Mon Oct 28, 2013 7:26pm EDT
By Josephine Mason
NEW YORK Oct 28 (Reuters) - U.S. copper fabricator Southwire Co dropped its legal fight against physical copper funds planned by Wall Street banks, as political and regulatory scrutiny make it unlikely the exchange-traded funds will ever be launched, according to a court filing on Monday.
Southwire filed the lawsuit eight months ago after JPMorgan Chase & Co and BlackRock Inc got approval from the U.S. Securities and Exchange Commission for the first U.S. funds that would use copper as collateral against shares.
The prospect of the copper ETFs had spooked industrial users who worried the funds would hoard a vast stockpile of metal off the market, starving them of raw material and driving up prices.
At the same time, U.S politicians called for more regulation and scrutiny of the multibillion-dollar commodity trading businesses of Wall Street banks.

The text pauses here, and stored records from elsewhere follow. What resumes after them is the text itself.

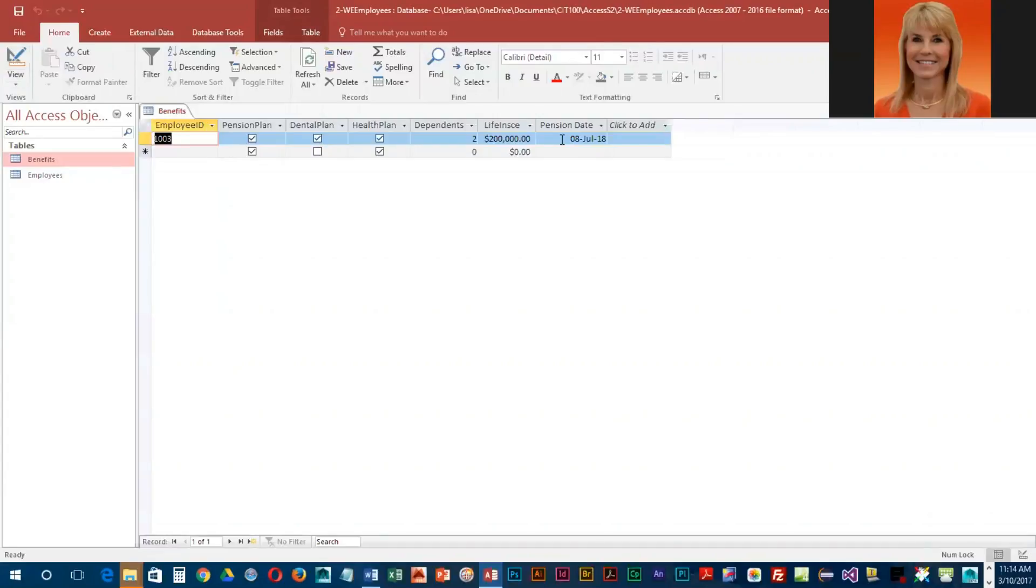Now when we go to datasheet view, the way we enter it and the way it is displayed match, and that is the most user-friendly way to handle the date.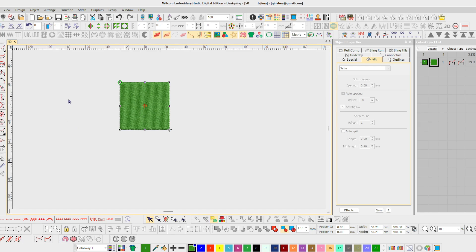So what I have brought open now is the DST and notice that there's really nothing here to work with. These are just stitches, 3,900 stitches.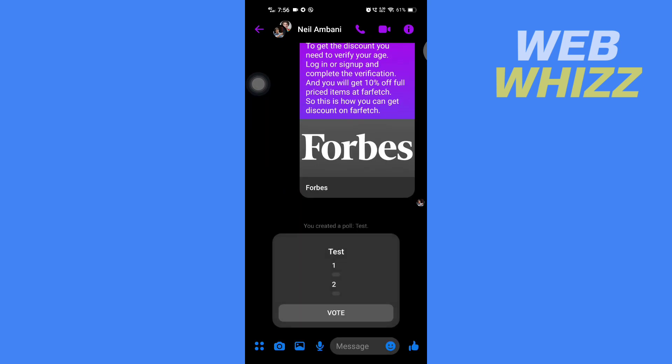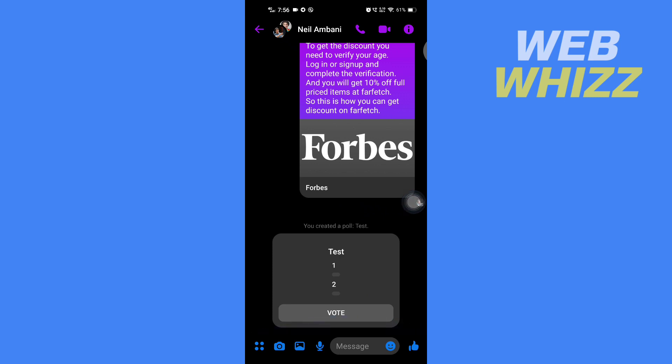Now I have created a poll. To delete it, there is no direct delete option. What you can do is tap on this eye icon in the top right corner.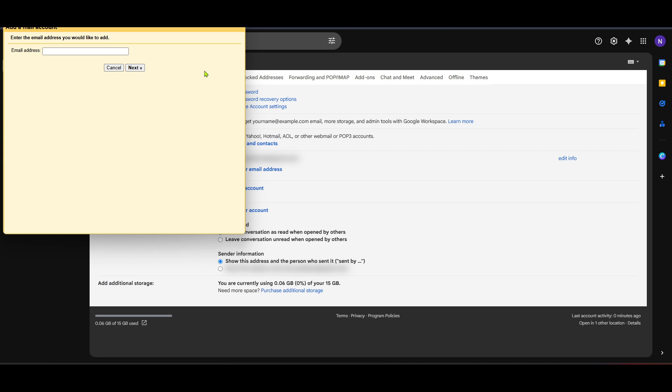This integration is not only convenient, but can also save you time in checking multiple platforms. Now that you've successfully added your Hotmail account, you're all set to enjoy a more unified email experience. I hope you found this guide helpful, and thank you for tuning in today.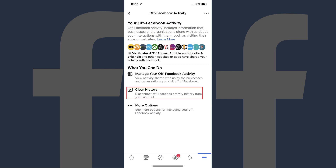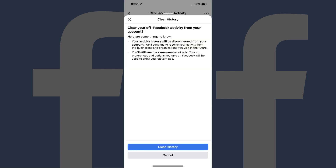Step 5. Select Clear History. The Clear History screen is displayed, notifying you that if you move forward with clearing your off-Facebook activity, your information will not be deleted, but rather disconnected from your account, and also that you'll still see the same number of ads.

JPMorgan and others are now trying to sell off those businesses.
The dramatic change in circumstances surrounding the funds and their owners have make it less likely than ever that they would be launched, said Monday's filing to the U.S. Court of Appeals in Washington, D.C.
"Rapidly changing market conditions now make it unlikely that the orders being challenged will lead to the listing and trading of shares," said Robert Bernstein, an attorney at law firm Eaton & Van Winkle LLP which represents Southwire.
JPMorgan and BlackRock declined to comment. The SEC did not respond to requests for comment.
DIFFERENT SITUATION
Southwire, one of the biggest copper users in the United States, said it still believes the funds would inflate prices and constrict supplies of the metal used for plumbing and electrical wire if they were launched.
But mounting political and regulatory scrutiny of Wall Street banks' involvement in the physical commodity trading, particularly the ownership of metals warehousing firms, has cut the chances that the funds would be ever launched.
On the regulatory front, the Federal Reserve is reviewing its oversight of Wall Street's commodity trading business and the London Metal Exchange is dealing with a crisis over its warehousing policy.
"Today the situation is very different," Bernstein told Reuters.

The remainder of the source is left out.